■ What is required: Write out, word for word and with no pictures, each line below from the one containing "Orman Yangınları Demans Riskini Artırıyor" through the one containing "市政工程技术标：构建现代城市发展的基石 中式风格装饰", both included, and no other line.

■ Data to use:
┄┄┄┄┄┄┄┄┄┄

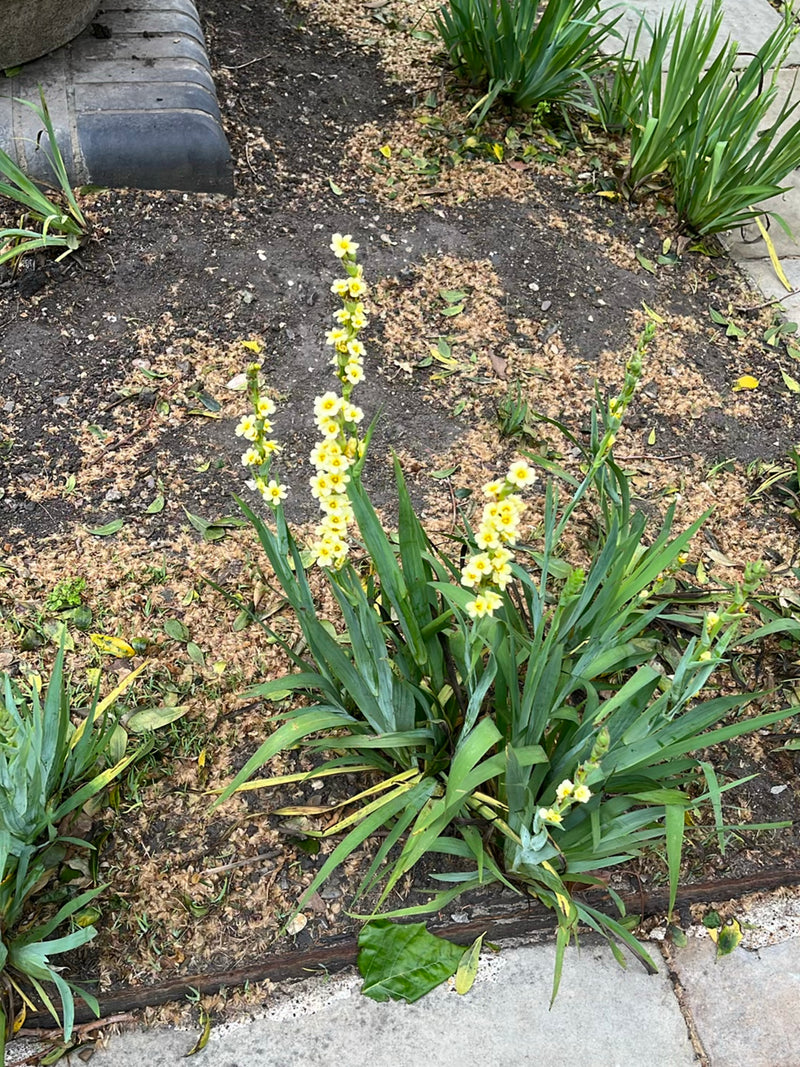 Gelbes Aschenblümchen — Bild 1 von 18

┄┄┄┄┄┄┄┄┄┄

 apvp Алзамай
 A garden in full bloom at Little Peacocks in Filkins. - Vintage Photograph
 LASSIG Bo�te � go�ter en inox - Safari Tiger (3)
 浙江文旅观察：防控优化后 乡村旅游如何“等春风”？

┄┄┄┄┄┄┄┄┄┄

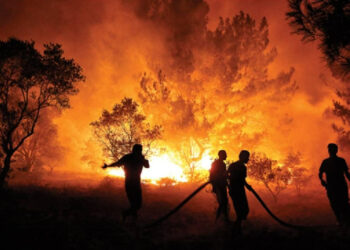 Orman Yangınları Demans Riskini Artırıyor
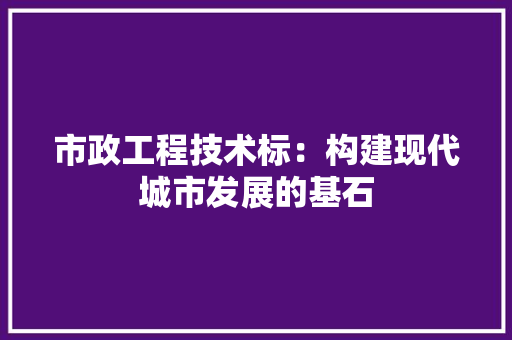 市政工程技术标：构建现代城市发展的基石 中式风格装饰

┄┄┄┄┄┄┄┄┄┄

■ Solution below:
 Orman Yangınları Demans Riskini Artırıyor
 市政工程技术标：构建现代城市发展的基石 中式风格装饰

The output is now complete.